═══ EXERCISE DATA

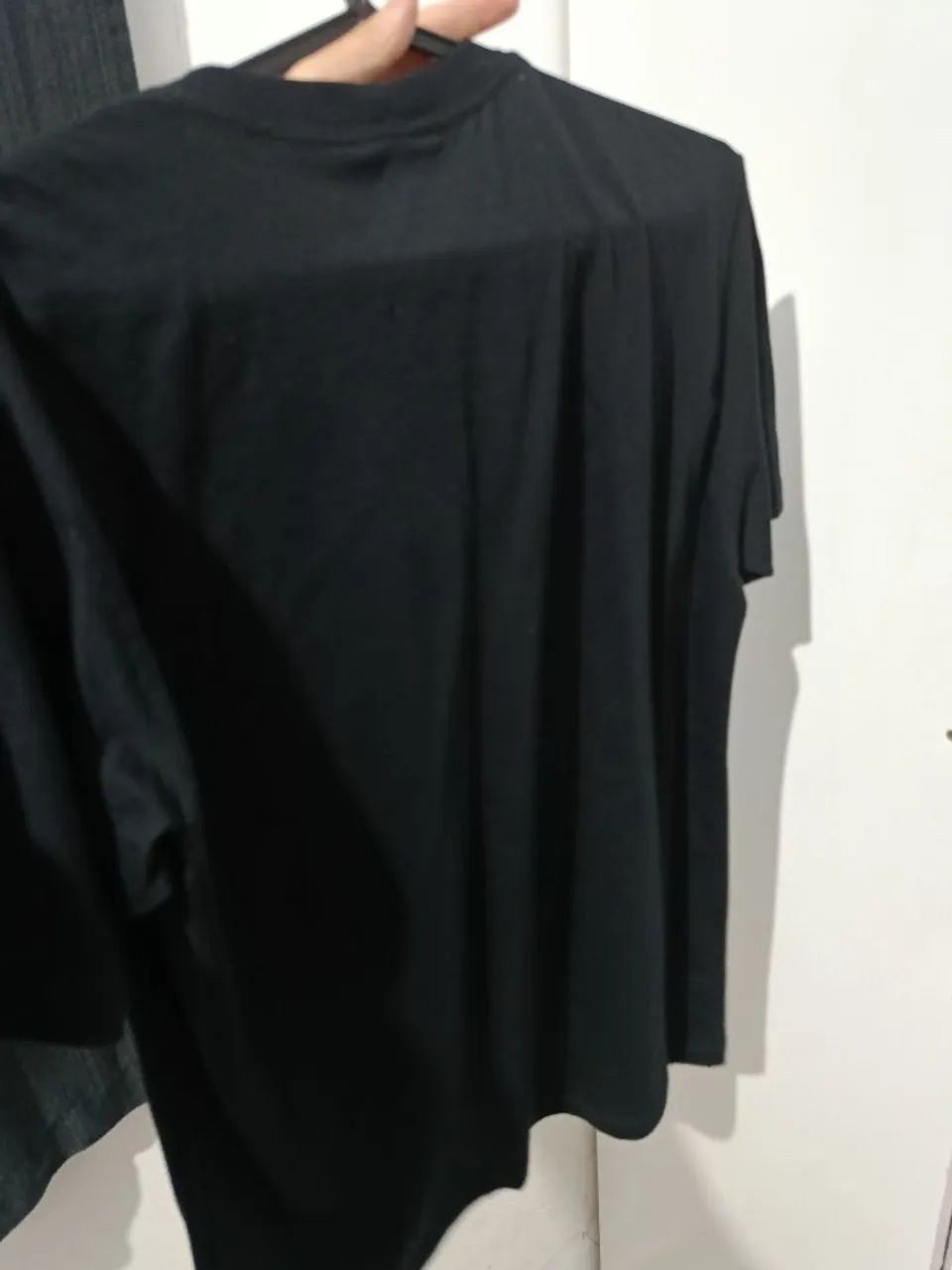 Camiseta Hello Kitty / Kuromi Preta - Foto 2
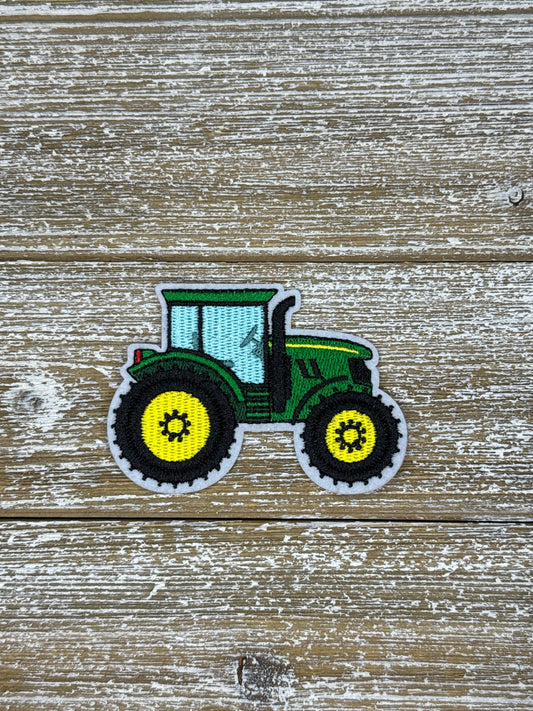 Green Tractor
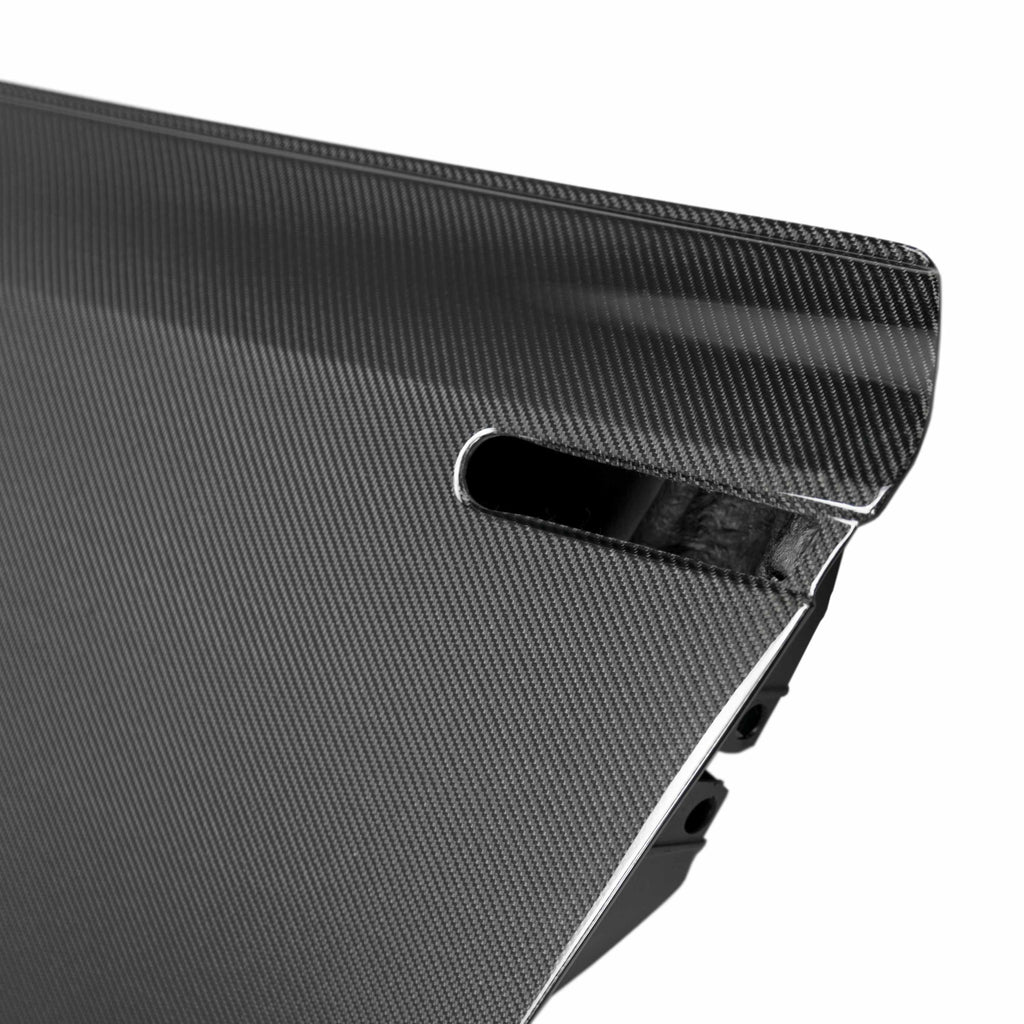 Seibon Seibon 09-11 Nissan GTR R35 OEM Style Carbon Fiber Doors (Pair)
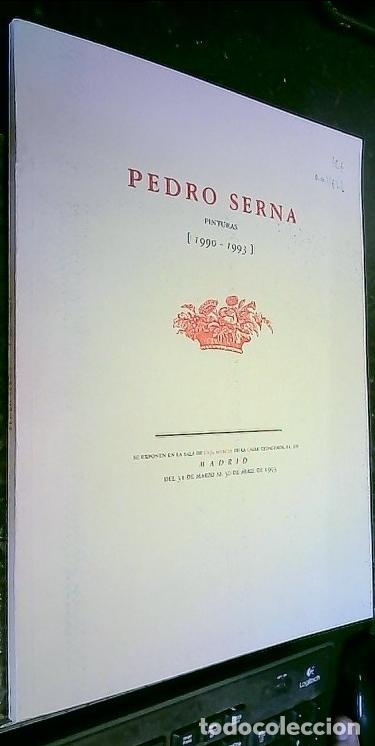 Libri di seconda mano: Pinturas 1990 - 1993. Se exponen en la Sala de Caja Murcia de la Calle Cedaderos - SERNA, Pedro:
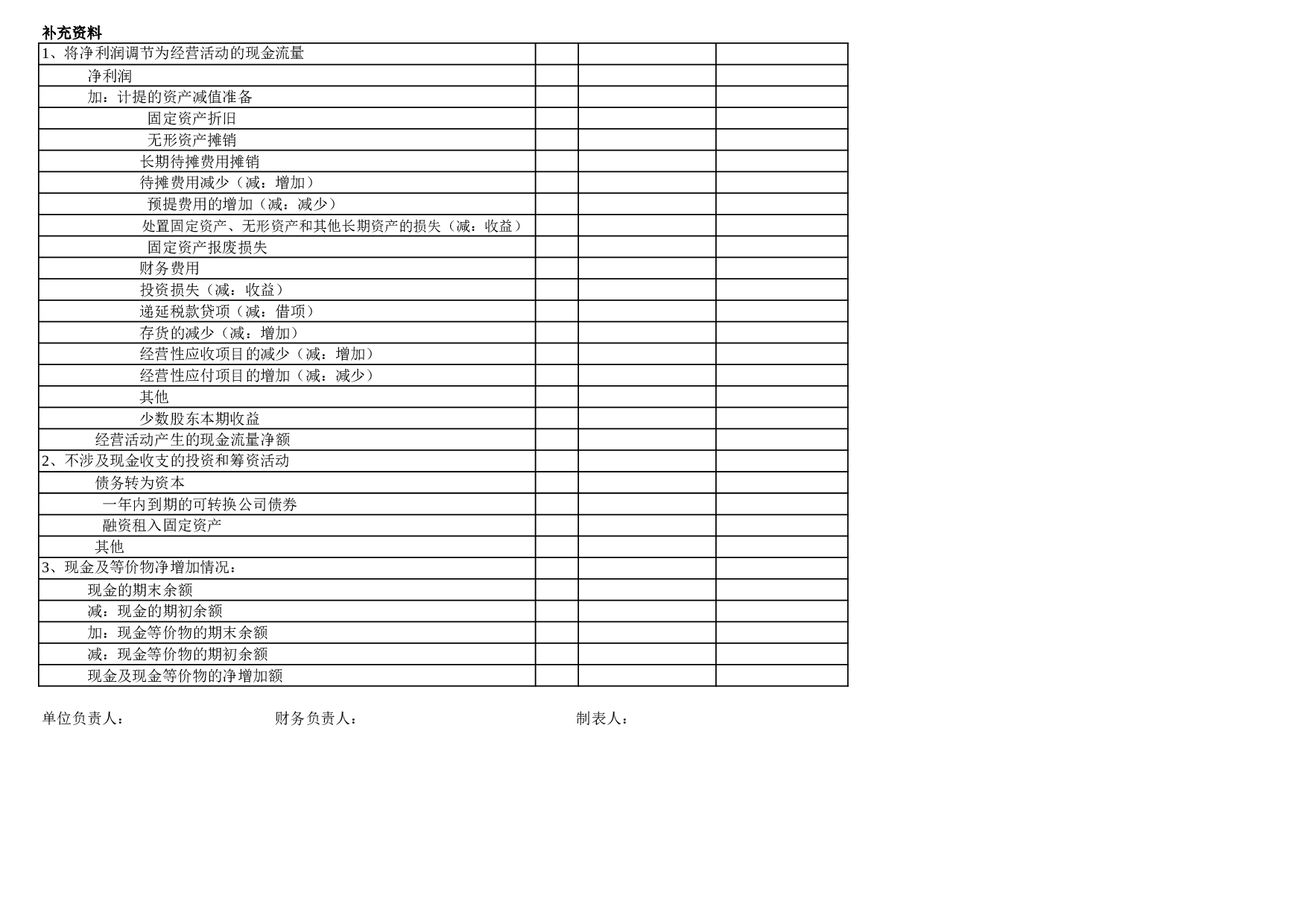 财务报表模板全套(excel).xls 第6页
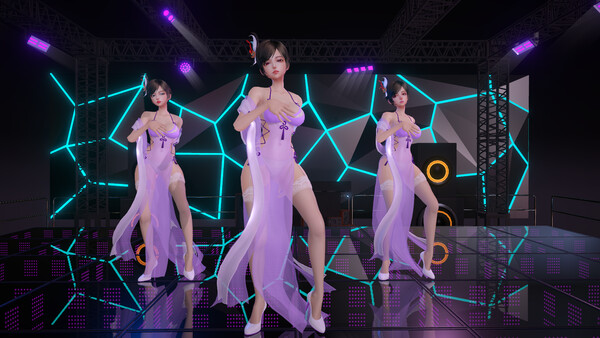 Angel Legion-DLC Flowing Moonfrost (Purple)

══════

:: WORK REQUIRED ::
Write out, word for word, the line containing "Seibon Seibon 09-11" and each line after it to the end of the data, and nothing more. Drop the pictures.

:: TASK RESPONSE ::
 Seibon Seibon 09-11 Nissan GTR R35 OEM Style Carbon Fiber Doors (Pair)
 Libri di seconda mano: Pinturas 1990 - 1993. Se exponen en la Sala de Caja Murcia de la Calle Cedaderos - SERNA, Pedro:
 财务报表模板全套(excel).xls 第6页
 Angel Legion-DLC Flowing Moonfrost (Purple)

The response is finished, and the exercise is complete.